Detection of the presence of sulfite ion as an acid radical in inorganic salts such as potassium sulfite.


Detection of the presence of sulfite as acid radical using specific chemical reagents.

Learning Objectives (ILO’s)

  • Define and differentiate between sulfite ions and other acid radicals through their chemical formulas.

  • Classify inorganic salts according to their acid radicals.

  • Compare between sulfite and other first group members in terms of chemical structures, properties and reactions.

  • Identify sulfite radicals containing salts experimentally.

  • Select the appropriate reagents to detect the presence of sulfite radical.

  • Balance the chemical equations of chemical reactions.

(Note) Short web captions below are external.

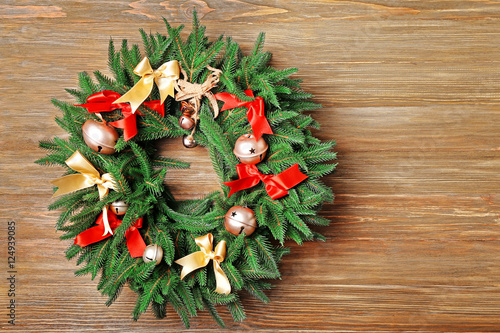 Fototapeta Naklejka Na Ścianę i Meble -  Beautiful Christmas wreath on wooden background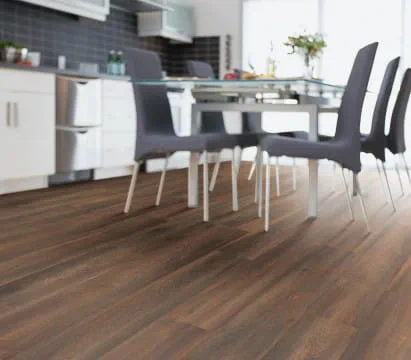 Dark toned laminate flooring in a kitchen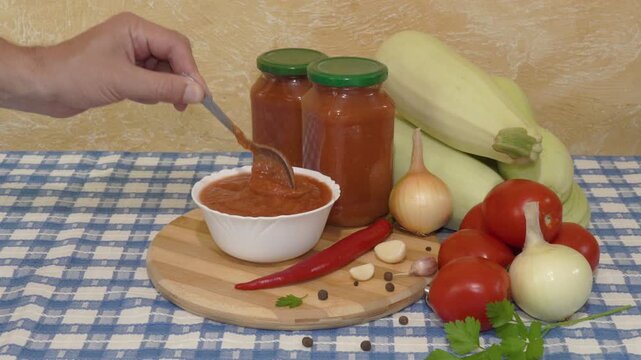 Homemade zucchini caviar in jars and deep bowl in kitchen. Hand scooping spoon with homemade zucchini caviar over deep white bowl filled with sauce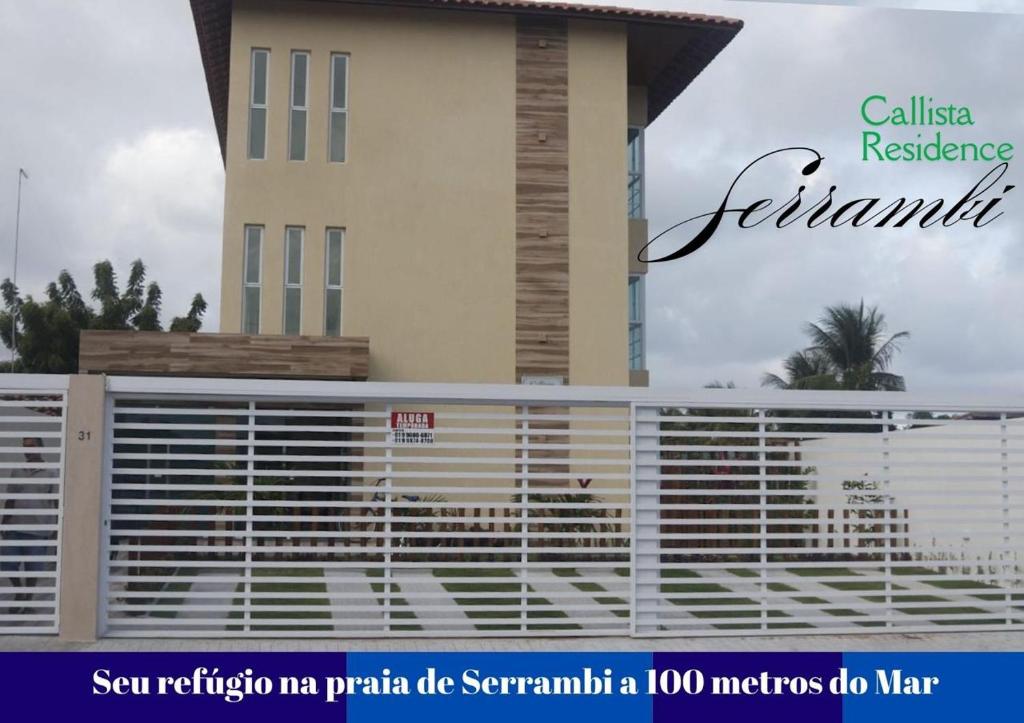 a metal fence in front of a building at Callista Residence Flat in Porto De Galinhas
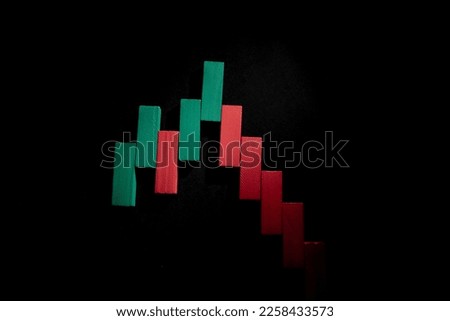 Financial chart made of small wooden blocks on a black background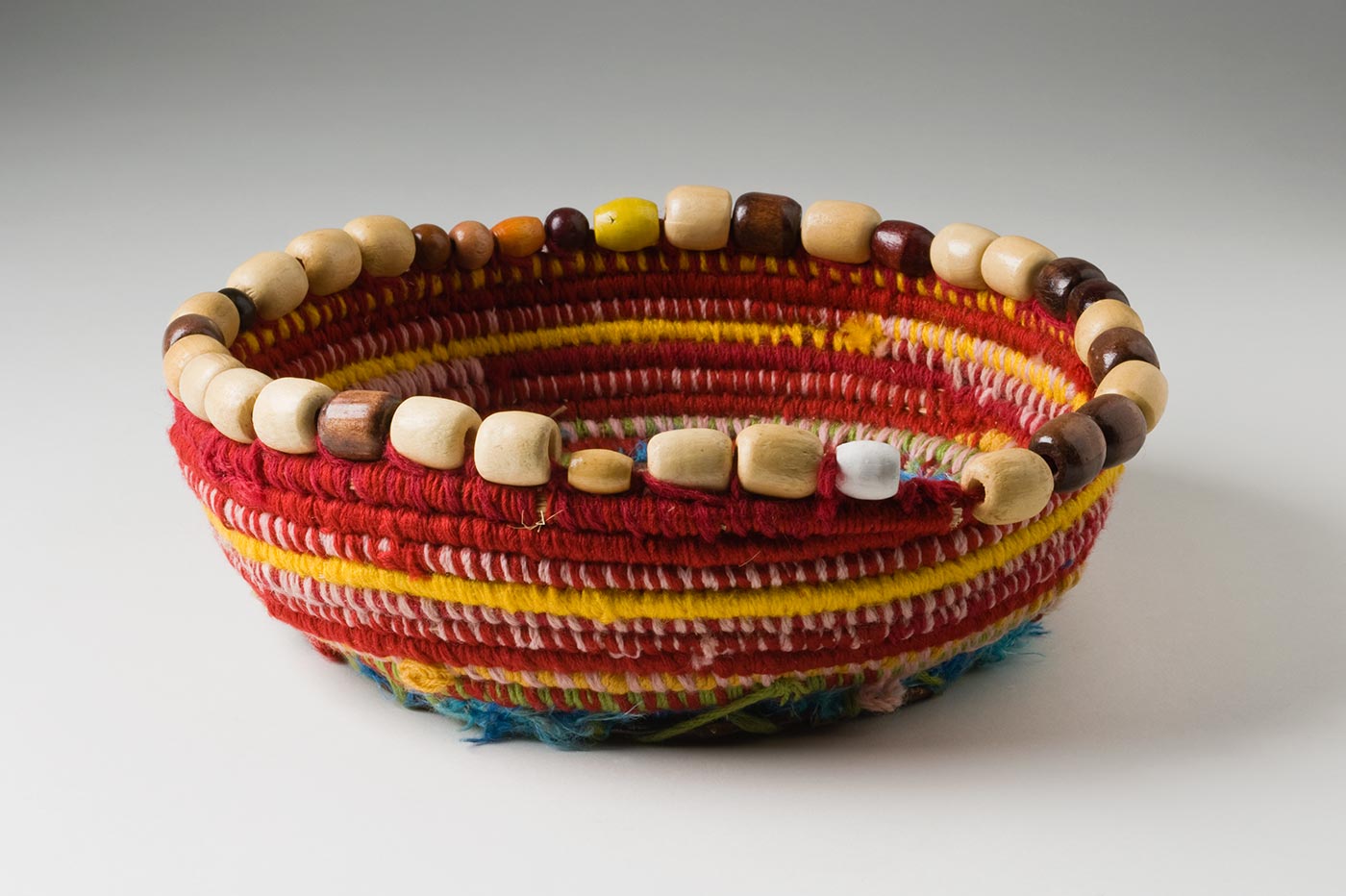 A shallow circular coiled red toned yarn and plant fibre basket with a metal base and bead trim. The base is made of a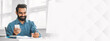 © Prostock-studio - Cheerful indian bearded man in blue shirt enjoys text on his phone as he takes notes with a pen in a bright, modern office setting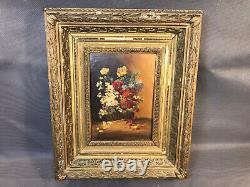 Ancien tableau huile sur bois bouquet de fleurs dans cadre en bois et plâtre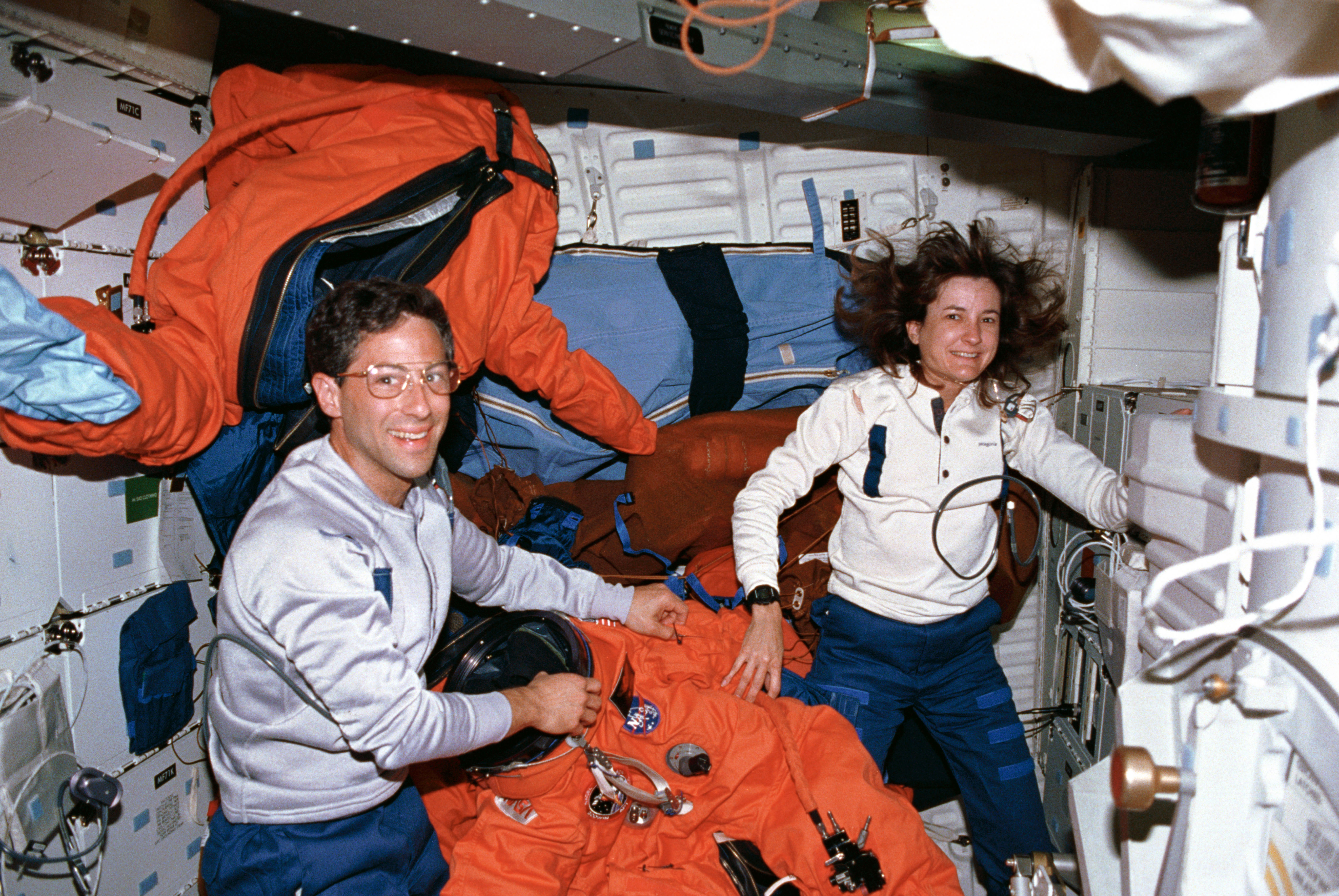 STS-37 crewmembers check launch and entry suits (LESs) on OV-104's middeck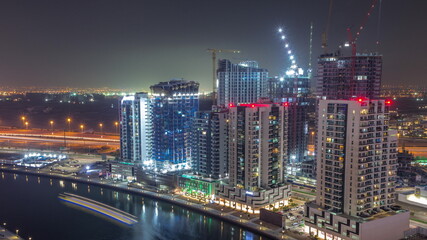 Towers at the Business Bay aerial all night timelapse in Dubai, United Arab Emirates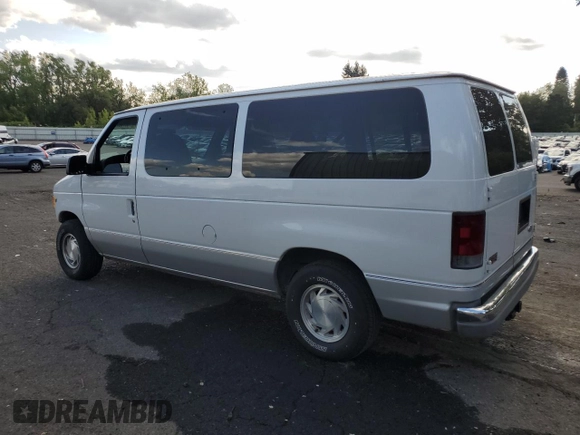 2002 Ford Econoline Passenger XL with VIN 1FMRE11WX2HA57114, listed as a Copart auction lot 68766174 with 167,382 mi miles and Salvage Title. Bid and sale history available at DreamBid. Image 2.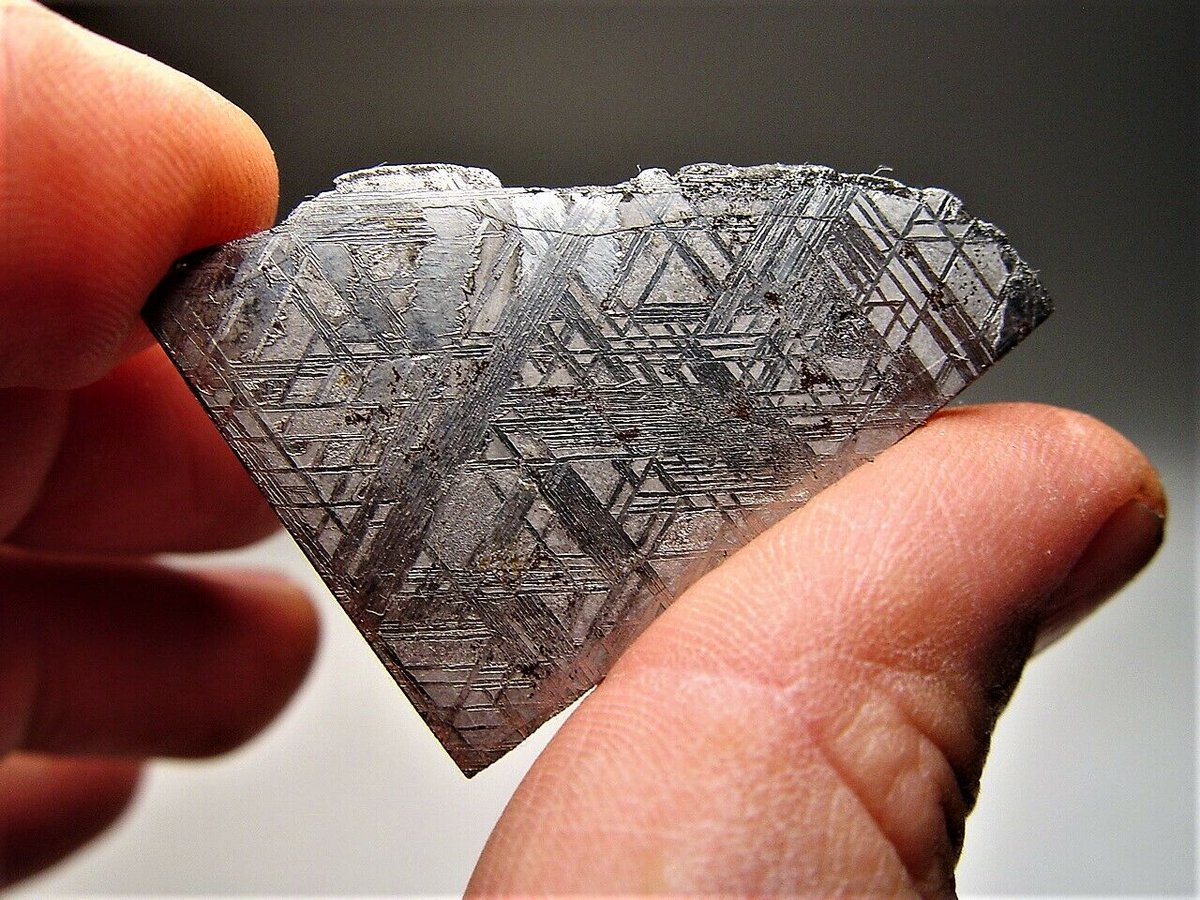 Please retweet -- I'm crafting this into a ring and you can watch me do it! Its a shard of a 450 million yr old #Meteorite that hit over 1 million yrs ago in North Scandinavia. Once the molten core of a distant planet...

Theoretical Background/Context

Sulfite is the conjugate base of bisulfite. Although sulfonic acid is not commonly available, its salts are highly abundant naturally in many foods and are commonly utilized as food additives.
Although sulfite ion is counted as a weak base, it undergoes hydrolysis to produce basic solutions.
SO32− (aq) + H2O (l) ↔ HSO3− (aq) + OH− (aq)
In the presence of an acidic solution, the equilibrium is shifted towards formation of sulfurous acid, leading to sulfur dioxide (SO2) gas evolution. Sulfur dioxide is a colorless gas with a characteristic pungent odor.
HSO3− (aq) + 2 H2O (l) ↔ H2SO3 (aq) + OH− (aq)
H2SO3 (aq) ↔ H2O (l) + SO2 (g)
Sulfite ions get oxidized easily upon exposure to oxygen in air.
 2 SO32− (aq) + O2 (g) ↔ 2 SO42− (aq)
Therefore, sulfite and sulfur dioxide could decolorize permanganate solution. Therefore, the reaction can be used to test for sulfur dioxide.
2MnO4− (aq) + 5SO2 (g) + 2H2O (l)  ↔ 5SO42− (aq) + 2Mn2+ (aq) + 4H+ (aq)
Sulfite anion possesses three equivalent resonating structures. Each of them has its sulfur atom bonded with one of its oxygen atoms via a double bond and possesses a zero formal charge  (neutral). The sulfur atom is bonded to the other two oxygen atoms through single bonds, where each oxygen atom carries a formal charge of 1− indicating the 2− charge on the entire sulfite anion. A non-bonded lone pair of electrons is located on the sulfur atom of the sulfite. Therefore, according to the VSEPR theory, the sulfite anion possesses a trigonal pyramidal configuration like ammonia (NH3).
The hybrid resonating structure of the sulfite anion possesses three equivalent S−O bonds as shown below.
Sodium, potassium and ammonium sulfite salts are water soluble, although most sulfite salts are water insoluble. On the other hand, all sulfite salts are soluble in acidic solution due to their basicity.
The sulfite ion is classified as a member of acidic radicals of the first group in which hydrochloric acid is used as the group reagent. Hydrochloric acid displaces sulfite ions in their salts leading to liberation of sulfur dioxide SO2 gas that could be detected using potassium dichromate paper.
In addition, soluble sulfite salts such as potassium sulfite could be detected through some confirmatory tests using silver nitrate solutions or lead acetate solutions since they react together forming silver sulfite or lead sulfite, respectively as a white precipitate. This returns back to the low solubility product of silver and lead sulfite salts so they precipitates very easily at very low concentrations.
Finally, iodine and permanganate tests are carried out as specific tests for detection of sulfite ions, where the sulfite ions decolorize both solutions owing to their reducing activity.

Principle of Work

In this experiment, sulfite ion in potassium sulfite is detected through some identification and confirmatory tests. In addition, these tests can be used to differentiate between the first anionic class and other acid radical classes. Moreover, confirmatory and specific tests are used to differentiate between presences of different members of the first class of anions.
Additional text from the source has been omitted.